◆ **Given entries**:
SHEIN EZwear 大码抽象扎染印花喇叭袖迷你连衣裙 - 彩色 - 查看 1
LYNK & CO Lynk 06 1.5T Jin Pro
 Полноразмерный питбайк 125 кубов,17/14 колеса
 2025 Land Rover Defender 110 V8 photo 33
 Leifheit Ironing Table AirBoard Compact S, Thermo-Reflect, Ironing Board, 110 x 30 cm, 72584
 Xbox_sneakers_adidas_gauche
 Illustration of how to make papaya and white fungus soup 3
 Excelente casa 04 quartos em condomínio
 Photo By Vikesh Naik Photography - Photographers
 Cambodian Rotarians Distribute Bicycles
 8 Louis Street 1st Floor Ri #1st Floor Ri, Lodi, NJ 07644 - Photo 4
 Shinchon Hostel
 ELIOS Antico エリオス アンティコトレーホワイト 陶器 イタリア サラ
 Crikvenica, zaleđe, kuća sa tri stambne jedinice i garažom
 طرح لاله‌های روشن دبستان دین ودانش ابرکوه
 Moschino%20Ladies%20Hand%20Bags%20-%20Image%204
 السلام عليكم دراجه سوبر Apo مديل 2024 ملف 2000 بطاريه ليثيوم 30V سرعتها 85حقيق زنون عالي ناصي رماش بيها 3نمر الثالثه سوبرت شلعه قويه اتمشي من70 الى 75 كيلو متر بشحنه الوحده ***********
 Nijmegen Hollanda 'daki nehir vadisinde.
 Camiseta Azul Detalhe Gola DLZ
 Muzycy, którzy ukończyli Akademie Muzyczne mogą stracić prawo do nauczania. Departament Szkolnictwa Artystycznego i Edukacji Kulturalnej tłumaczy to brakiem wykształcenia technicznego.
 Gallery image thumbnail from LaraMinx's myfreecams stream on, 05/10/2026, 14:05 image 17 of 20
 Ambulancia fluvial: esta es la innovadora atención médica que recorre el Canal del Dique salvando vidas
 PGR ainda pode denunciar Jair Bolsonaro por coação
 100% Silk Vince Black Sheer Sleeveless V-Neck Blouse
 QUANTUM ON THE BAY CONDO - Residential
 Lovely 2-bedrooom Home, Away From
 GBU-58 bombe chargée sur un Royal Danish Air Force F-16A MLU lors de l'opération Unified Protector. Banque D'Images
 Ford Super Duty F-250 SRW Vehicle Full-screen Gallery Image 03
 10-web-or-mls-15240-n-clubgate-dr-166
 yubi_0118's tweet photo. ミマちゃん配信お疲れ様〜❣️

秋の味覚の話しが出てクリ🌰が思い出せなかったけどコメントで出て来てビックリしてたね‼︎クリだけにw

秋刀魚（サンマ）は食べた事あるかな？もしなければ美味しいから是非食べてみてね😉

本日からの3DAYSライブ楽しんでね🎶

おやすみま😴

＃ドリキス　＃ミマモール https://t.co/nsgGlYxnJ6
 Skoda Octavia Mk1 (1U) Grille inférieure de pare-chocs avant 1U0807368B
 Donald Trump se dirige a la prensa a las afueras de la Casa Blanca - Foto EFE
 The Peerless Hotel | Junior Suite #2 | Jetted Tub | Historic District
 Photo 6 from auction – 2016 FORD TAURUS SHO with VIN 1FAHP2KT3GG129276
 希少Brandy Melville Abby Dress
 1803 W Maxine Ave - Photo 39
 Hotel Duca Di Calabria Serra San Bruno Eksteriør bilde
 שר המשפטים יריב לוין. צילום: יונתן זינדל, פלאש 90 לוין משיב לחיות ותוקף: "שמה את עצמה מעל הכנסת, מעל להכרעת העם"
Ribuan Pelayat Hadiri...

◆ **Exercise details**:
Would you retype the lines above from the one with "Muzycy, którzy ukończyli" down to the one with "Gallery image thumbnail", word for word, both ends included and no other lines?

◆ **Exercise response**:
 Muzycy, którzy ukończyli Akademie Muzyczne mogą stracić prawo do nauczania. Departament Szkolnictwa Artystycznego i Edukacji Kulturalnej tłumaczy to brakiem wykształcenia technicznego.
 Gallery image thumbnail from LaraMinx's myfreecams stream on, 05/10/2026, 14:05 image 17 of 20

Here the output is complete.